> _WHAT YOU SHOULD DO_: Restate word for word the entries below, starting at the line with "Soch Women Sage" and ending at the line with "Lot de 2 rideaux". Keep both end lines and omit the pictures.

> _PROVIDED DATA_:
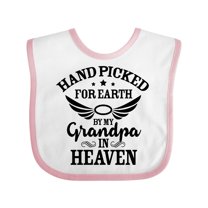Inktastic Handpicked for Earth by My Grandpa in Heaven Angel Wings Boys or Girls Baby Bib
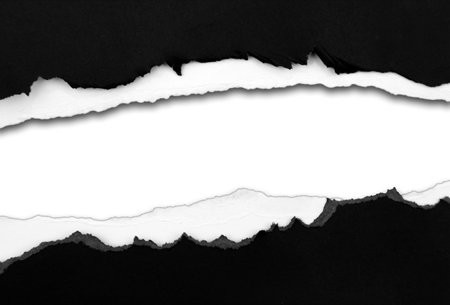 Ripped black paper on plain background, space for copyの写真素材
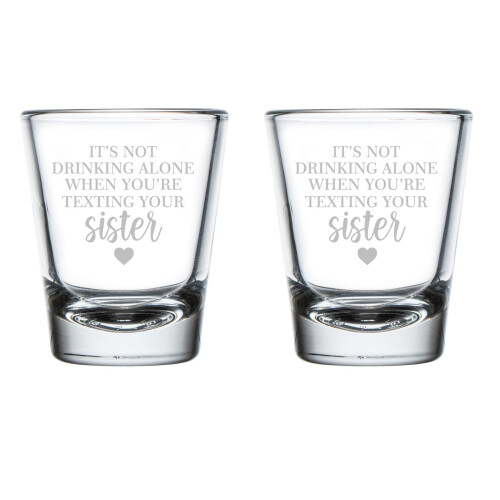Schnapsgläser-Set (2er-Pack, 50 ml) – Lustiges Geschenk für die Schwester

...

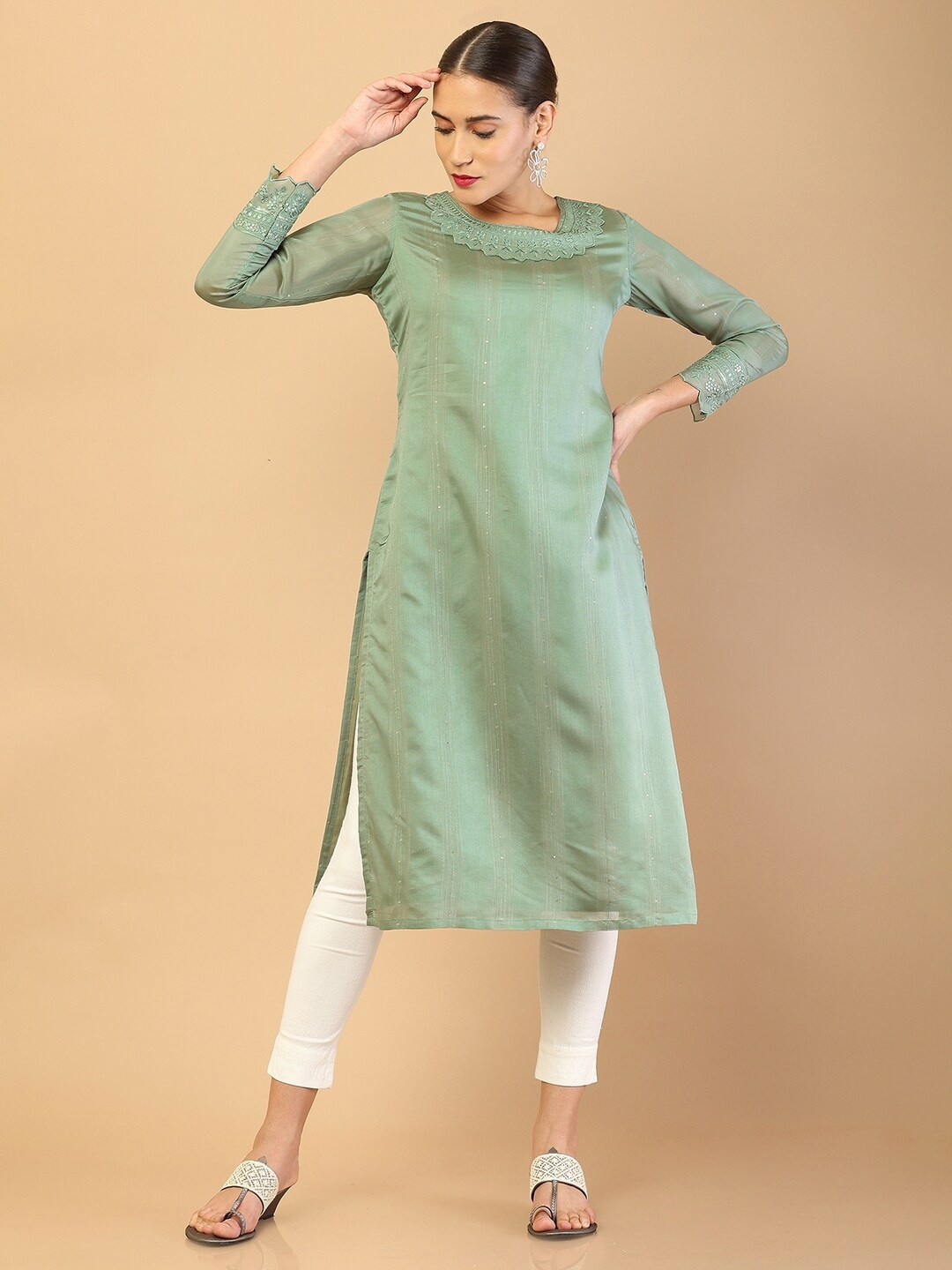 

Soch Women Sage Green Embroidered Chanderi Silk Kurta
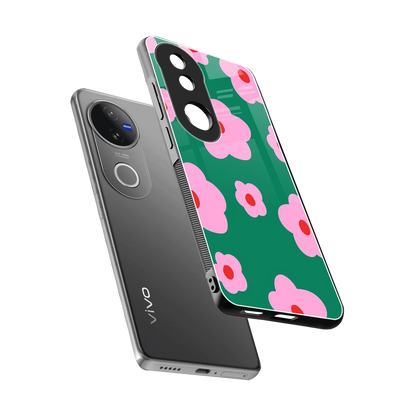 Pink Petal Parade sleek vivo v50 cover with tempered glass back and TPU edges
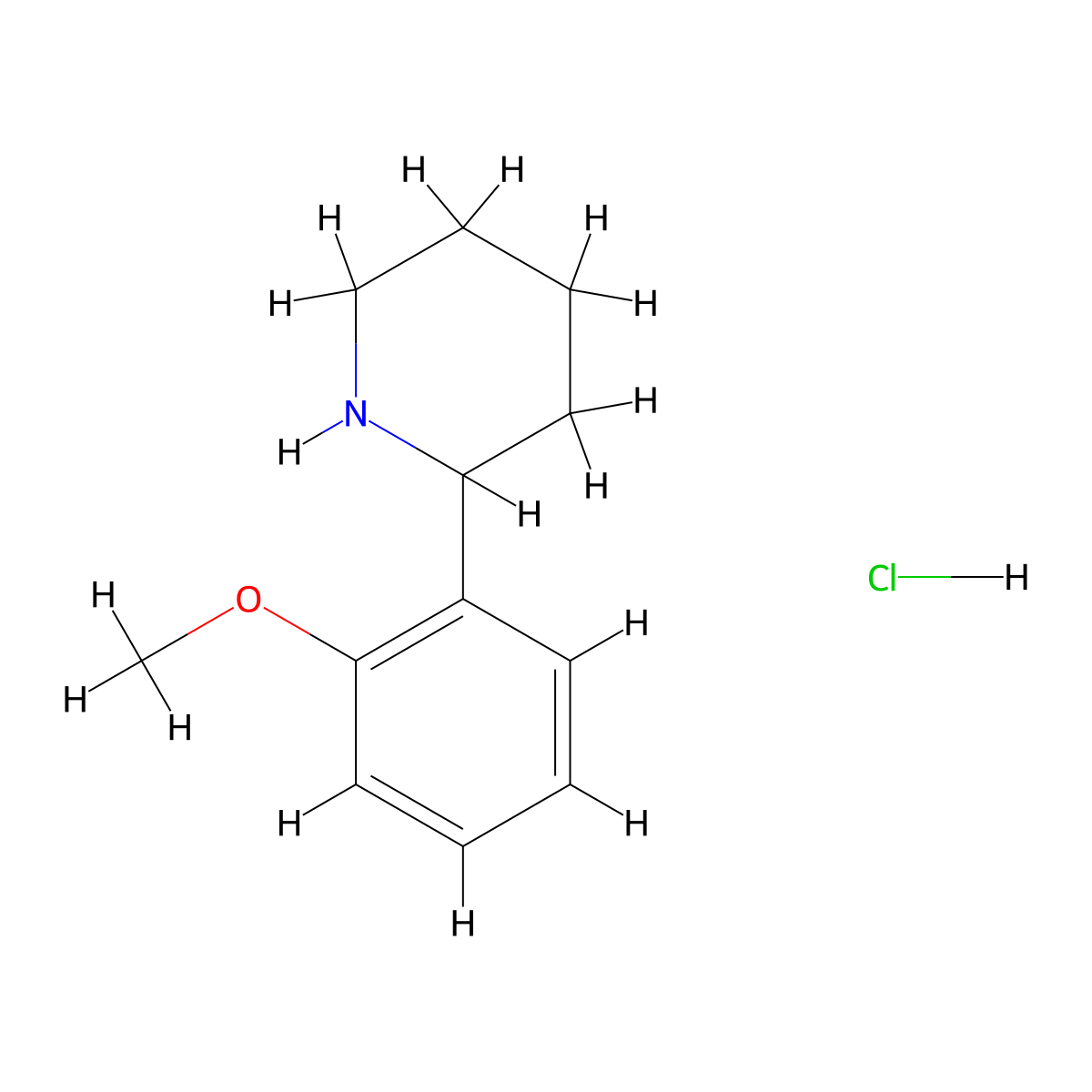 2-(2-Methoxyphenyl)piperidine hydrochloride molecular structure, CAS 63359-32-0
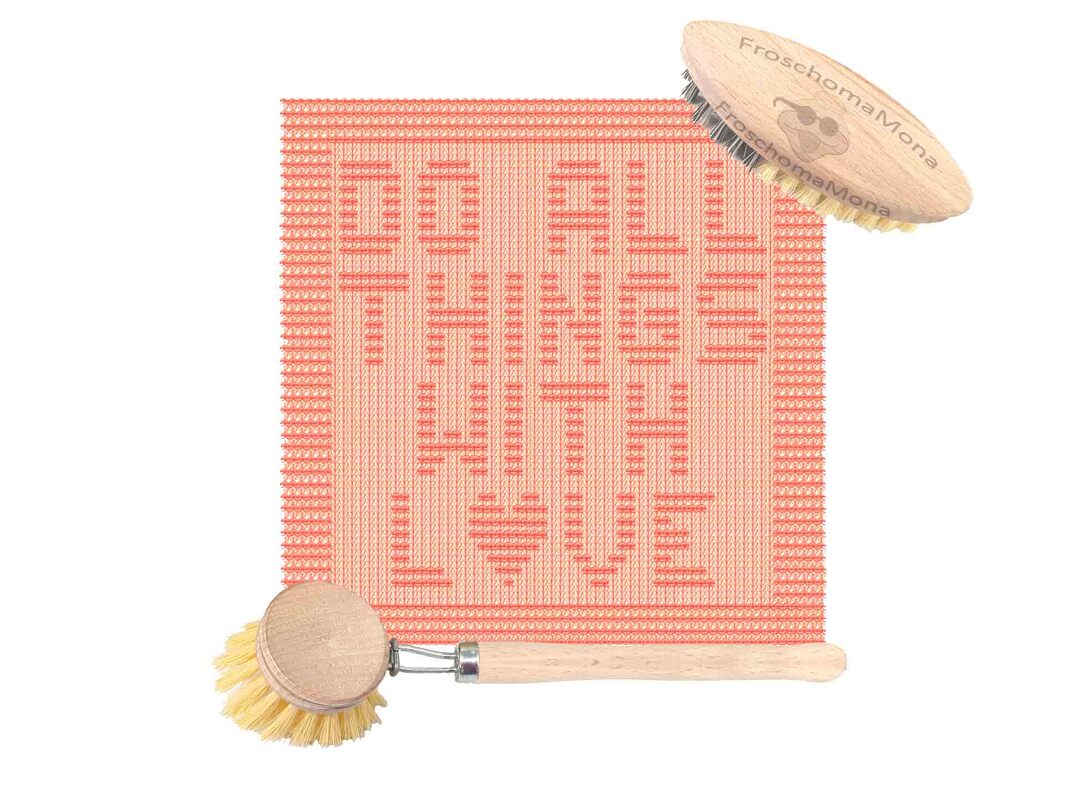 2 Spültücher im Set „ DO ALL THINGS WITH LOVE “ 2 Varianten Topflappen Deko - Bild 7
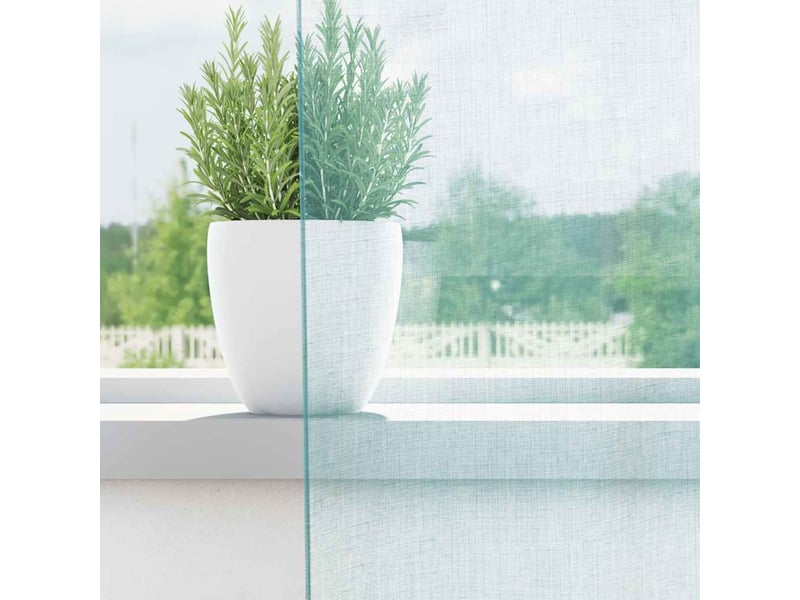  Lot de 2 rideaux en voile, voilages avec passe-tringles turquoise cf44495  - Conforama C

> _WRITTEN SOLUTION_:
Soch Women Sage Green Embroidered Chanderi Silk Kurta
 Pink Petal Parade sleek vivo v50 cover with tempered glass back and TPU edges
 2-(2-Methoxyphenyl)piperidine hydrochloride molecular structure, CAS 63359-32-0
 2 Spültücher im Set „ DO ALL THINGS WITH LOVE “ 2 Varianten Topflappen Deko - Bild 7
  Lot de 2 rideaux en voile, voilages avec passe-tringles turquoise cf44495  - Conforama C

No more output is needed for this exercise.